How Good Samaritan Laws Save Addicts from Overdose and Promote Treatment

Opiate addictions are very serious matters, but perhaps nothing is more tragic than a drug overdose. According to the National Institute on Drug Abuse, the rate of overdose among prescription opioid and heroin users are both increasing at a rapid pace. Thousands of people die from accidental drug overdoses every year.

Recently many states have enacted so-called “Good Samaritan” laws. So far, 20 states and the District of Columbia have 911 Good Samaritan laws on the books, policies which offer limited immunity for those who do call the cops on an overdose in progress. There’s no question that quick medical attention during overdoses saves lives. First responders often carry naloxone, a fast-acting drug that reverses the effects of opioids in an emergency. After such a significant wake-up call, the next call you should make is to get help at 844-431-5818(Who Answers?) .
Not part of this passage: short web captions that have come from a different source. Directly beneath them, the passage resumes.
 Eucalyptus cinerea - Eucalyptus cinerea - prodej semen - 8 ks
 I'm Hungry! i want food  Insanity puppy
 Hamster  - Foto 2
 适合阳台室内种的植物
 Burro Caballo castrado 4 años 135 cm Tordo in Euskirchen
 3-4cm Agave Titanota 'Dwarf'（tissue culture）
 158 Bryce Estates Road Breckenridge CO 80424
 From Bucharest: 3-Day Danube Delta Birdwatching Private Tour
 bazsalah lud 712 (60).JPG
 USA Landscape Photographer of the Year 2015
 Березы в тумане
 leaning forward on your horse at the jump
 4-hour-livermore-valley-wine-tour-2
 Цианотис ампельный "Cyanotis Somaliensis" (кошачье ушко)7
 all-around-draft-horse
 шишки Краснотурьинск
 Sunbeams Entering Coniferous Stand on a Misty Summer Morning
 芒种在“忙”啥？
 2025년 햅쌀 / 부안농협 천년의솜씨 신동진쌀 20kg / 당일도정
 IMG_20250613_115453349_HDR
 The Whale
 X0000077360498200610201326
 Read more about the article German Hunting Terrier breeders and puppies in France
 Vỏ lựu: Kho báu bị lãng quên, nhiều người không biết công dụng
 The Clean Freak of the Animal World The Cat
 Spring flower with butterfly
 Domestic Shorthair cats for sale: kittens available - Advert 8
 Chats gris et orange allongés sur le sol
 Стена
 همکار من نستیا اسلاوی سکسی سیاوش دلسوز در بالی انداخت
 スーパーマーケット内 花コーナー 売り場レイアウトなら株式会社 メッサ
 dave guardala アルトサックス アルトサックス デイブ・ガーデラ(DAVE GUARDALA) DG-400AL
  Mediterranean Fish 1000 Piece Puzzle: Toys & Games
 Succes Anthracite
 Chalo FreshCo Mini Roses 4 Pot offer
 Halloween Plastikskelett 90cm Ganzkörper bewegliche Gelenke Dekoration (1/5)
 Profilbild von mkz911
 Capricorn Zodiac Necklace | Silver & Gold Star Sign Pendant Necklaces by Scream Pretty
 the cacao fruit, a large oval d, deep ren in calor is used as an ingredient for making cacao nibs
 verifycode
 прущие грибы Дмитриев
Why Many People Don’t Call 911 During an Overdose

Heroin is illegal in every state and every user knows it. Abusing prescription opiate medication is also illegal in many cases, particularly because many prescription abusers obtain their drugs without valid prescriptions. Many drug users do so in the company of other drug users, who may witness an overdose in progress. But people often fear calling 911 when they witness an overdose because they’re afraid of getting caught with their own drugs.

Don’t wait Until It’s Too Late.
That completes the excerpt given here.